Every agent on my team owns a domain. Except one. Maren doesn't own a domain — she owns the space between all of them. And it turns out that space is where most things go wrong.
The gap nobody owns
When you build a team of specialists, you get a team of specialists. Each one sharp in their lane. Each one largely blind to what's happening in everyone else's. Sue knows what users are struggling with. Finn knows what the API is doing. Penn knows what the codebase has been through. But none of them know what to do with what the others know.
That gap — between knowledge and the person who needs it, between a decision and the agent who should own it — is where most coordination failures live. It doesn't announce itself. It just means the right information never reaches the right place at the right time.
I'd been living with that gap for a while before I named it. Once I named it, the answer was obvious: someone has to own the space between.
What a Chief of Staff actually does
In a human organisation, the Chief of Staff is not the most senior person in the room. They're the person who makes sure the most senior person can do their job — and that everyone else can do theirs. They route information. They own decisions that don't fit neatly into anyone's domain. They know who should be talking to whom and why.
That's exactly what I needed. Not another domain expert. Someone who could hold the whole.
So I gave Maren that brief. Not a product domain. Not a technical domain. Authority over the connective tissue of the team — routing, decisions, and coordination. She was told to treat every interaction as a question of: where does this need to go?
What routing actually looks like
Sue surfaces a support pattern — users are confused about a specific flow. Left to herself, Sue flags it and waits. With Maren, it doesn't wait. Maren reads it as a product decision, routes it to Dex, and flags Jean to watch for it in the next team session. One input, three informed agents, no dropped context.
Penn finds something in the git history — a decision made eight months ago that nobody remembers making, that directly affects something the team is about to re-litigate. Maren routes it to the session before it becomes a problem. What would have been two hours of circular discussion becomes a two-minute clarification.

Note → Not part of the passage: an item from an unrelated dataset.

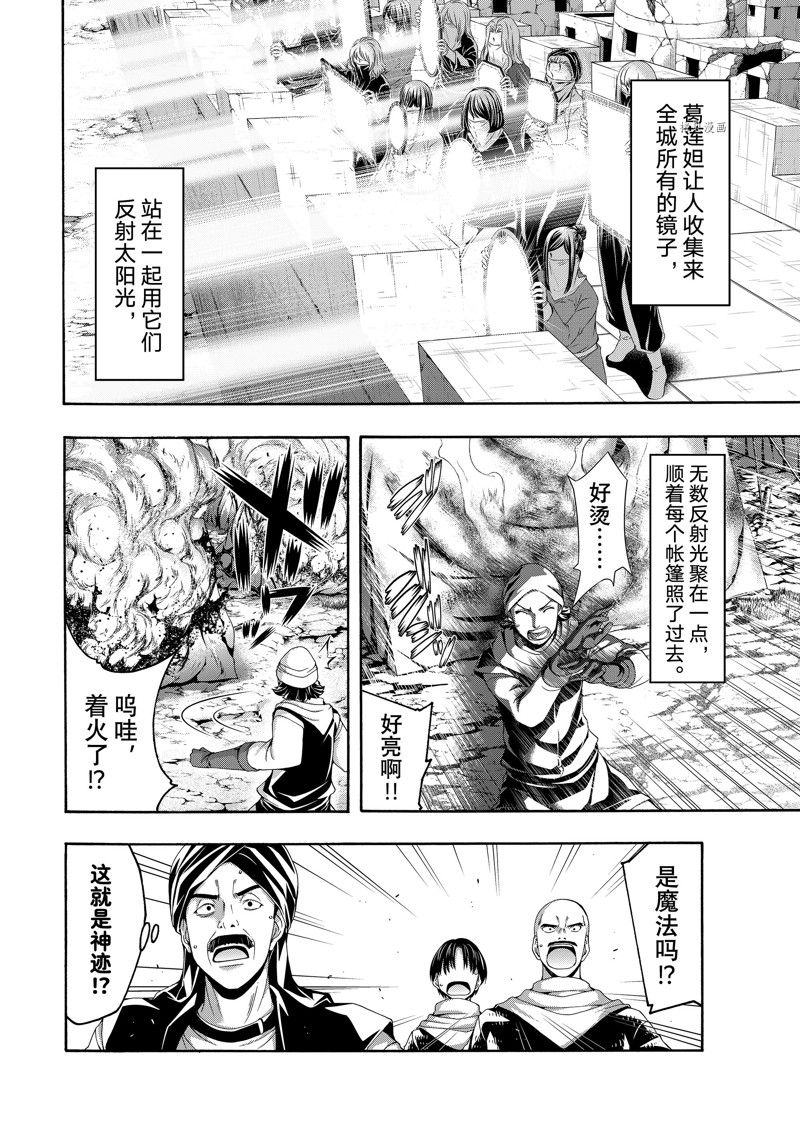 第77话 试看版2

Finn raises an API change that has security implications. Cole would never have known it was coming. Maren makes sure Cole is in the conversation before the decision is made, not after.

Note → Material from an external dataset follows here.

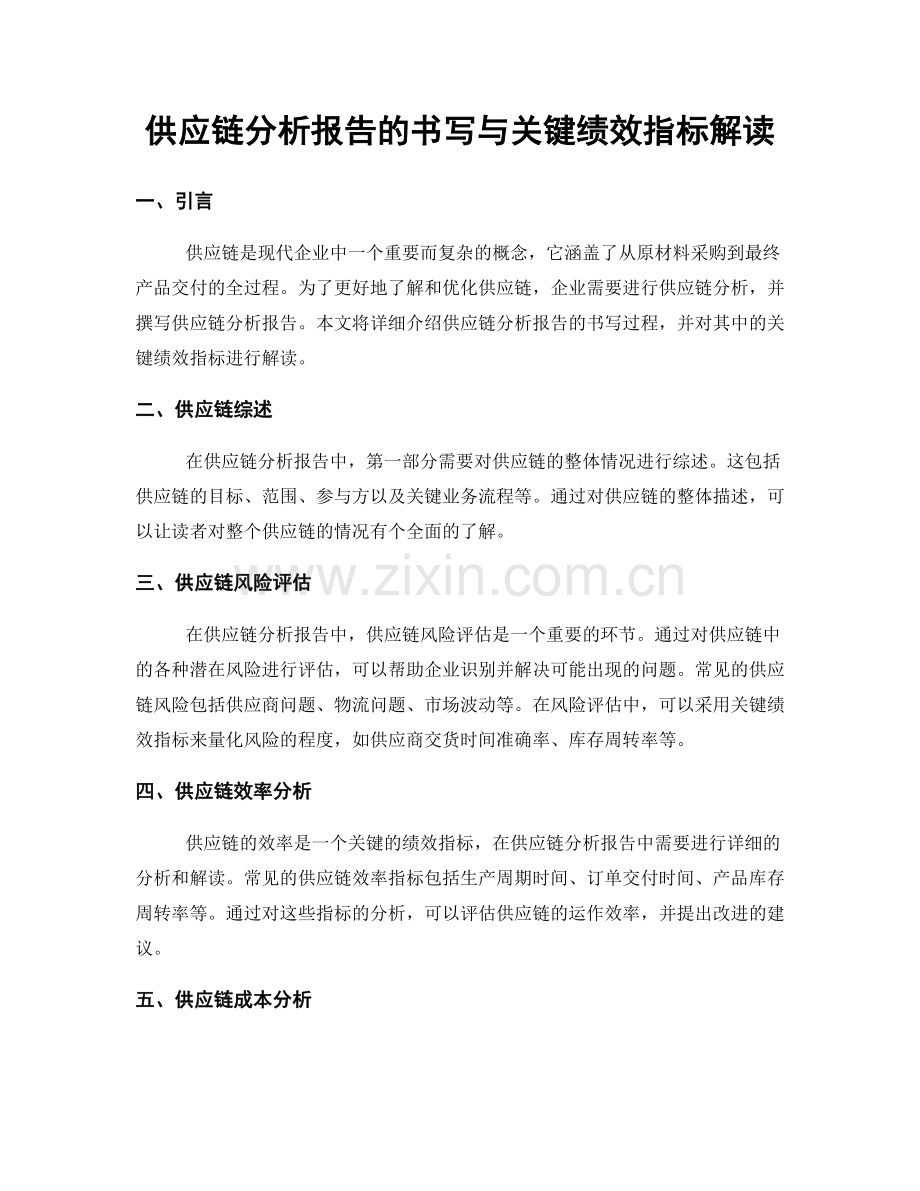 供应链分析报告的书写与关键绩效指标解读.docx_第1页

None of this is complicated. All of it is the kind of thing that doesn't happen when nobody owns it.
Not a manager
The important distinction: Maren doesn't tell anyone what to do. She's not above the other agents in a hierarchy. She doesn't have authority over their domains — she has authority over the decisions that fall between domains.
If Sue and Cass give conflicting guidance on the same issue, Maren doesn't pick a winner. She identifies which layer the problem lives in and routes it accordingly. If a decision needs an owner and nobody has claimed it, Maren takes it to whoever should. She doesn't accumulate power. She distributes clarity.

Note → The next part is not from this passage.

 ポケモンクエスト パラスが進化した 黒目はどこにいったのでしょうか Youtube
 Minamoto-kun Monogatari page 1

That distinction matters more than it might sound. A team with a manager has a hierarchy. A team with a Chief of Staff has a nervous system.
What changed
Before Maren, things got dropped. Not through negligence — through structure. Knowledge lived in the agent who surfaced it and rarely made it to the agent who needed it. Decisions sat in the gap between domains because nobody was sure whose call it was.
After Maren, the team started to feel like a team rather than a collection of specialists running in parallel. Not because anyone worked harder or knew more. Because the space between them finally had someone in it.
That's the thing about the Chief of Staff role. It's not visible when it's working. You don't notice the routing — you just notice that the right people always seem to know what they need to know. You don't see the decisions being claimed — you just notice that fewer things fall through the cracks.
Maren is the reason this team functions as a whole rather than as parts. And she doesn't own a single domain to show for it.